A esquerda que se reivindica socialista já estava fragmentada e desorganizada pelas degenerações sucessivas da Segunda, Terceira e Quarta Internacionais. A “paz social” que se seguiu garantiu a marginalização dos grupos socialistas que ainda mantinham significância. Foi uma paz reacionária, com seus termos impostos pela hegemonia ideológica e pelas armas de uma classe burguesa que se considerava confiante o suficiente para anunciar o “Fim da História” e a “Vitória do Capitalismo”. A maioria dos declarados socialistas já havia abandonado, abertamente ou na prática, os fundamentos do marxismo, e se resignou ao papel de tentar corrigir esse ou aquele aspecto mais problemático do capitalismo. Restaram apenas punhados de grupos minúsculos de marxistas revolucionários, que foram incapazes de fazer muito mais do que tentar resguardar um ideal que se recusaram a abandonar.

O desencanto e exposição nítida do significado do capitalismo a partir da crise que se iniciou em 2008 nos centros imperialistas marcou também o retorno à cena da luta de classes como um fenômeno reconhecido e generalizado.
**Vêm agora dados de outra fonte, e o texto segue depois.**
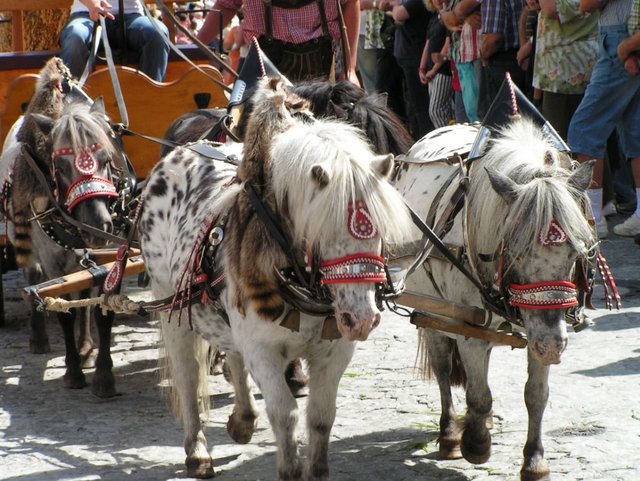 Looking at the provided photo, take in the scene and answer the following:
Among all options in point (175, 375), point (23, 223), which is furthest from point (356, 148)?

Seguiram pesados ataques feitos pela burguesia contra as condições de vida e trabalho já deterioradas, por meio de “pacotes de austeridade” e “reformas” contra os trabalhadores para transferir recursos de magnitude inédita aos grandes capitalistas. Foi nessas condições que foi organizada, geralmente sem um caráter socialista na liderança, resistência dos trabalhadores e massas oprimidas contra a ofensiva da burguesia. Foi como resultado disso que a influência de organizações autodeclaradas socialistas voltou a crescer, embora se mantenha até agora, no início do que parece ser uma crise econômica ainda mais profunda, ainda em estado amorfo. As tradições marxistas de organização e pensamento não foram retomadas e atualizadas no decorrer desse processo.
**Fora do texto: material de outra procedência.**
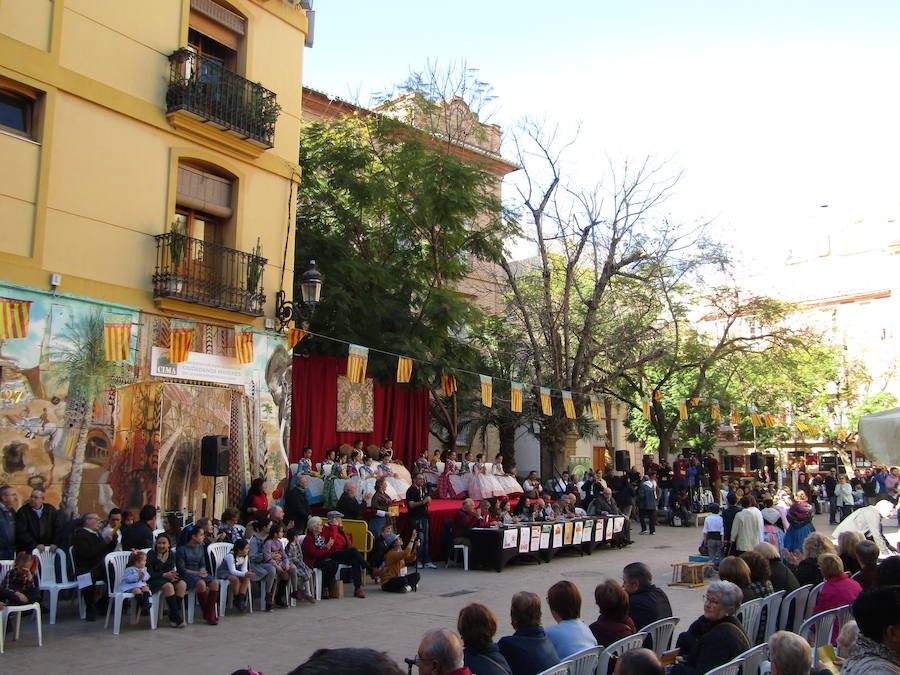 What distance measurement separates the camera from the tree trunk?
474 inches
Em cada país, o nível de organização particular da classe trabalhadora levou a expressões diferentes da luta de classes, tanto na sua forma e meios como na sua intensidade. O que unifica tais movimentos é o caráter global e inter-relacionado da economia capitalista e os seus eixos gerais de resistência contra a investida burguesa. Todos os problemas que vieram com a queda do bloco soviético não teriam sido tão fatais agora se tivéssemos herdado do século 20 uma tradição marxista consistente e com clara autoridade prática ao redor da qual os trabalhadores pudessem ter se organizado e se mobilizado. Mas como isso não era uma realidade, o período pós-soviético só piorou o estado de mais completa confusão, fragmentação, desmoralização e adaptação ao “possibilismo” do que é palatável dentro do sistema, que já era característica das organizações da esquerda dita socialista. Ocorrem no mundo sucessivas rebeliões que não avançam para se transformar em revoluções pela ausência de uma perspectiva marxista na política e na prática organizativa dos trabalhadores em luta. É a ausência de lideranças, perspectivas e tradições socialistas revolucionárias no movimento que causa tal impossibilidade de dar o passo adiante.
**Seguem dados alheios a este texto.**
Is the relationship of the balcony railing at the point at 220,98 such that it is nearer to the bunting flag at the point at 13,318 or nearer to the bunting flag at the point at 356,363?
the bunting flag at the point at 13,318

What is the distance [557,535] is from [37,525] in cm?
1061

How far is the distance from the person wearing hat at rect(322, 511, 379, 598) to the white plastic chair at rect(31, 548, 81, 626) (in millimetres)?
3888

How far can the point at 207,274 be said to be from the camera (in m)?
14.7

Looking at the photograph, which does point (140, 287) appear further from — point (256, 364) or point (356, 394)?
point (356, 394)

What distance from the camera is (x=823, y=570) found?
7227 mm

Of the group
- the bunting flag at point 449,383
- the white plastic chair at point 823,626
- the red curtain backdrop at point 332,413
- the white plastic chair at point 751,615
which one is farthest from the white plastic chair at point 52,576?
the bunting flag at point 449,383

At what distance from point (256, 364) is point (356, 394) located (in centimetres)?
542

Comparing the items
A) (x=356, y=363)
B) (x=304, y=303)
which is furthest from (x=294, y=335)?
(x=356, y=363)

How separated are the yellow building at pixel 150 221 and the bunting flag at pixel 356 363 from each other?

Entre as massas, o socialismo segue identificado difusamente como ditadura burocrática, governos burgueses de esquerda ou “Estado de bem-estar social”. O surgimento no início do século de figuras como Hugo Chávez e seu “Socialismo do Século XXI”; Bernie Sanders e seu “socialismo” aos moldes das socialdemocracias europeias; e de uma geração de propagandistas e reabilitadores da figura de Stálin e de seus métodos de “construção do socialismo” na URSS deu gás a tal confusão. A vanguarda da classe trabalhadora em nosso período é caracterizada pela confusão política e ideológica, com as organizações que se afirmam socialistas repercutindo tais ideias falsas, e se dividindo em campos distintos a cada questão diferente que a luta de classes traz à tona. O passado muitas vezes não clarifica as diferenças políticas, mas as obscurece, porque o que uma organização diz hoje, não dizia ontem; ou o legado histórico que diz reivindicar contradiz a sua ação concreta no presente. E isso não com relação a detalhes, mas a questões fundamentais da revolução e da luta de classes.

As organizações do movimento da classe trabalhadora padecem de clareza ideológica quanto às tarefas e os métodos necessários. Grupos de campos opostos na esquerda reivindicam, por vezes, as mesmas tradições, enquanto existem partidos onde coexistem membros de todo tipo de tradições, sem balanço algum das mesmas. Os eventos da ultima década provaram isso, mas contribuíram pouco para remediar a situação. Ao contrário: as organizações socialistas implodem e se racham, por vezes, sem justificativa política coerente, o que só confunde o movimento dos trabalhadores; se fundem sem clareza programática; giram a posições opostas às que diziam defender antes, em um baile completamente irracional e inexplicável do ponto de vista da necessidade urgente da luta pelo socialismo.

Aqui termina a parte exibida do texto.